The advantages of a jack according to the invention over the prior art is obvious by comparison of FIGS. 1 or 2 with FIGS. 5 or 6. The jack of the invention requires only three hydraulic line connections and the synchronized systems of jacks they permit to be constructed use a reduced number of connecting liens and are simpler to install than the systems using jacks of the prior art.

It is sufficient to compare the diagrams of FIGS. 2 and 4 to find that, with respect to the jack of the aforecited French patent, the jack according to the instant invention effectively has the following advantages as the result of the elimination of the hollow shafts 25 and 26: reduced longitudinal dimension; shortening of the connections between the rod and the structure to be moved; and, elimination of fragile and low rigidity elements.

In such complex jacks, slight defects of synchronization in the system of jacks may cause small leaks at the locations of the joints. Naturally, it is possible to compensate for these leaks by the means shown in FIG. 7. The piston 62 of each jack contains a device which automatically balances the pressures prevailing on both sides of the piston at the end of its stroke. This device may consist of a poppet valve 81 housed in an orifice 80 provided in the piston. The valve is held against its seat by a spring 83 and carries a pushrod 82 directed toward the end wall 33. If the jack is to be operated in a double action mode, it is possible to locate, in the same piston, a second identical valve, but with its pushrod oriented toward the end wall 31 (FIG. 3).

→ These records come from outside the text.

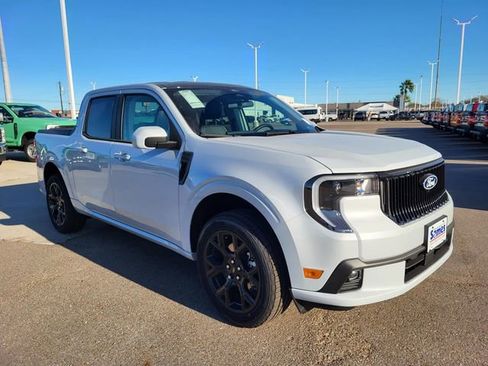 New 2026 Ford Maverick Lobo image 16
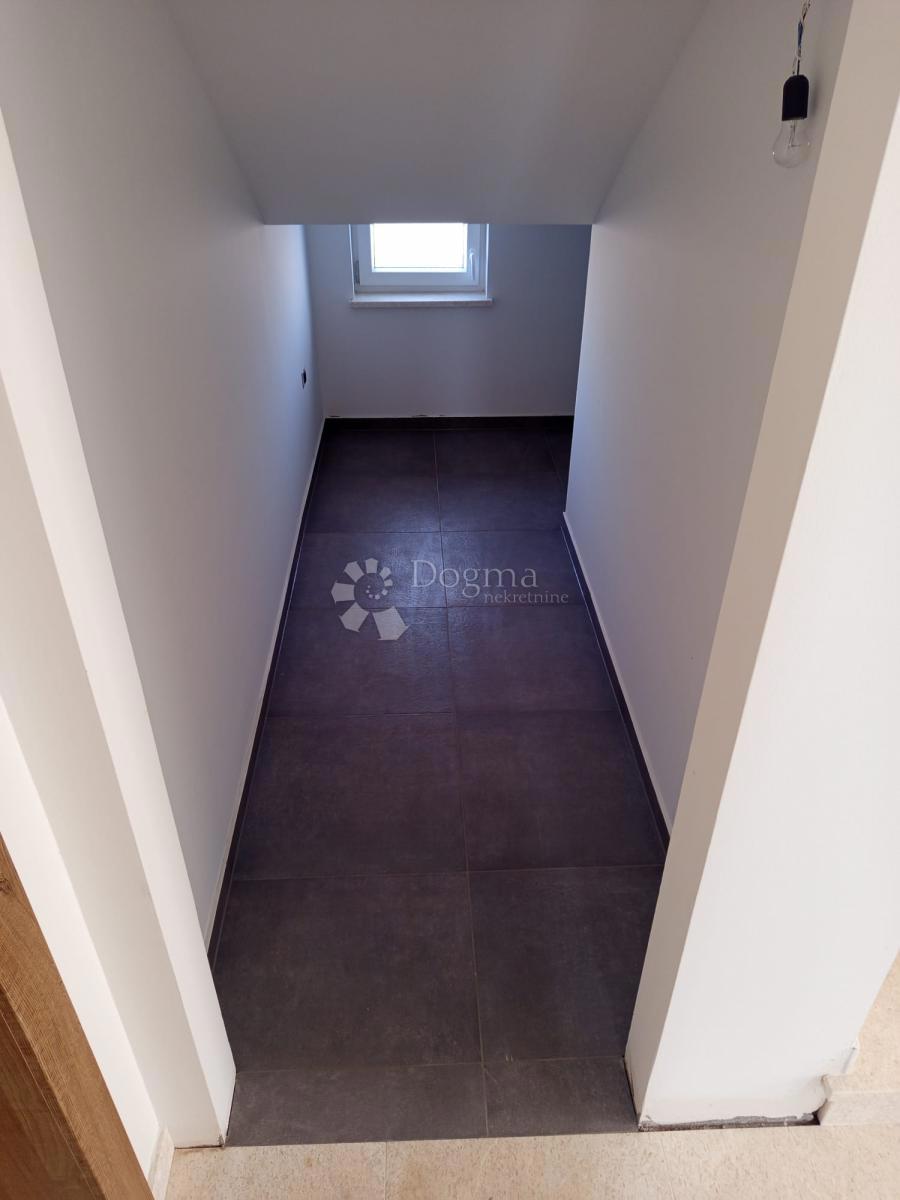 Moderno appartamento con due camere da letto e piscina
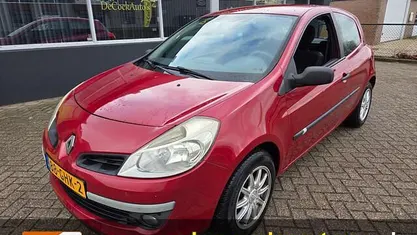 Occasion Renault Clio II 75 PK (55 kW) 2008 Rood Hatchback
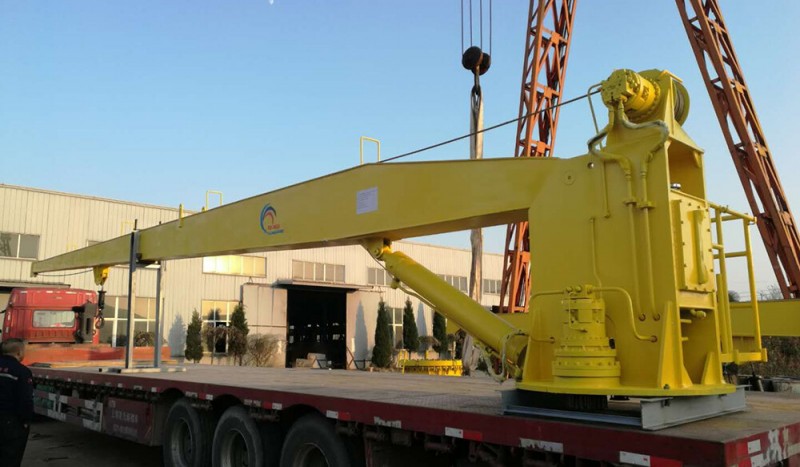 3T Hydraulic Crane - Image 1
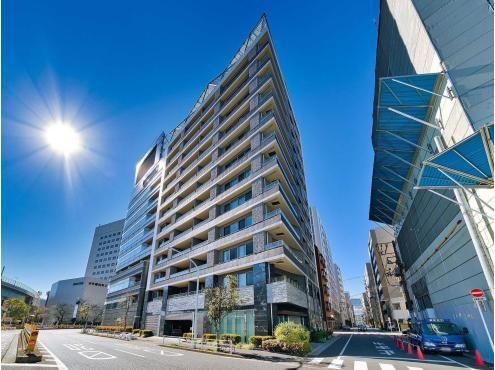2LDK apartment in Chuo Ward, Tokyo - Photo 1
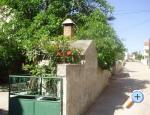Apartm�ny Tonka Vodice Chorwacja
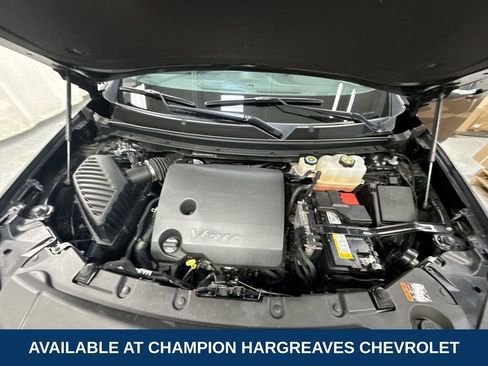 Certified 2023 Chevrolet Traverse LT w/ Rear Camera Mirror Package image 38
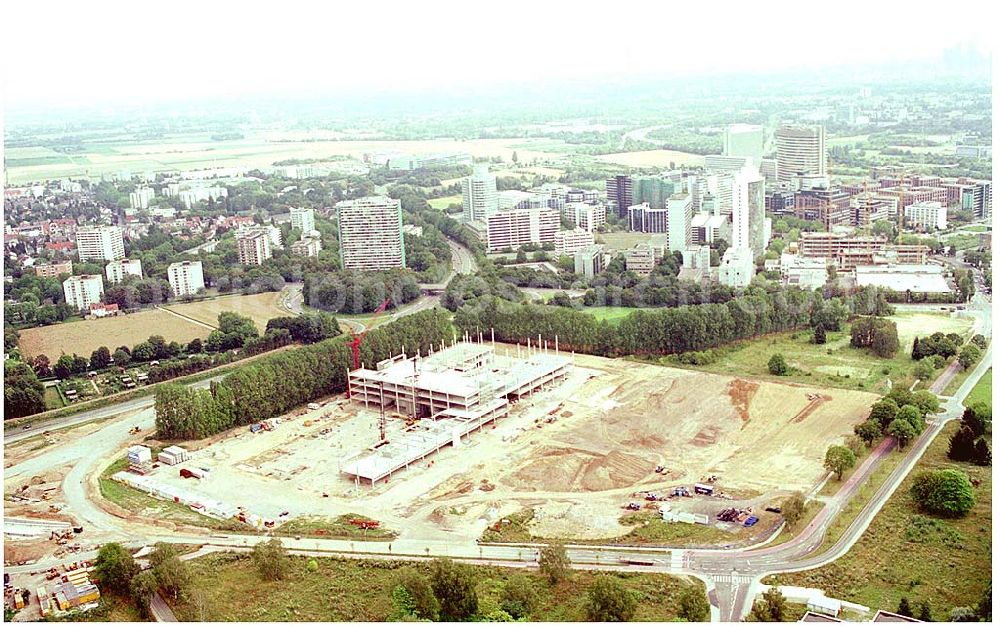 Eschborn from above - 24.07.2004 Blick auf die Baustelle am Gewerbegebiet der HVB Immobilien AG am Eschborner Dreieck in Frankfurt Sossenheim. Beeindruckende Immobilie mit Symbolcharakter. Seit Oktober 2002 realisieren wir als Generalunternehmer für HOCHTIEF Projektentwicklung die Zentrale der EUROHYPO AG. Mit dem Umzug in die neue Firmenzentrale im Frühjahr 2004 wachsen die Hypothekenbanken der Commerzbank, der Deutschen Bank sowie der Dresdner Bank in Eschborn zusammen.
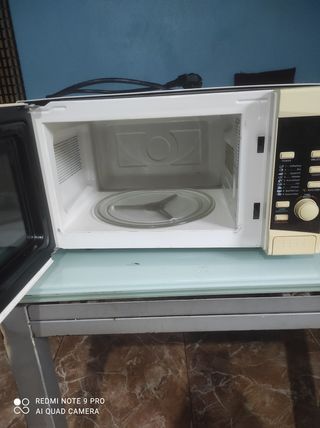 Microondas Technostar Funciona perfectame.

Near the end of its stroke, pushrod 82 contacts end wall 33 and, as the piston continues to the end of its stroke, valve 81 is displaced from its seat to equalize the pressures on both sides of the piston.

While the present invention has now been described in terms of certain embodiments, one skilled in the art will readily appreciate that various modifications, changes, omissions and substitutions may be made without departing from the spirit thereof. It is intended, therefore, the the present invention be limited solely by the scope of the following claims.

Claims

1. A multiple chamber, coaxial hydraulic jack comprising:

(a) a hollow cylindrical body defining an interior, the body having an annular median wall extending along the length of the interior to divide the interior into a cylindrical center cavity and an annular peripheral cavity, the annular median wall defining an orifice near a first end of the cylindrical body to permit communication between the respective cavities;

(b) a center piston defining an opening therethrough slidably retained within the center cavity and dividing the center cavity into first and second chambers;

(c) an annular piston slidably retained within the annular peripheral cavity and dividing the annular peripheral cavity into third and fourth chambers, the second and fourth chambers being located on the same sides of the center and annular pistons such that the orifice through the annular median wall allows communication therebetween, the area of the side of the annular piston facing the third chamber being equal to the sum of the effective areas of the sides of the annular piston and the central piston facing the fourth and second chambers, respectively;

(d) an annular piston rod portion attached to the annular piston, and extending through the fourth chamber and the first end of the cylindrical body;

(e) a central piston rod portion attached to the central piston, and extending through the second chamber and the first end of the cylindrical body, the distal ends of the annular piston rod portion and the central piston rod portion being joined by a rod end wall so as to form a fifth chamber between the rod end wall and the first end of the cylindrical body, the central piston rod portion defining an axial channel to allow fluid communication between the first and fifth chambers;

(f) at least one orifice defined by the annular rod portion adjacent the annular piston; and,

(g) means to introduce hydraulic fluid into the first, third and fourth chambers.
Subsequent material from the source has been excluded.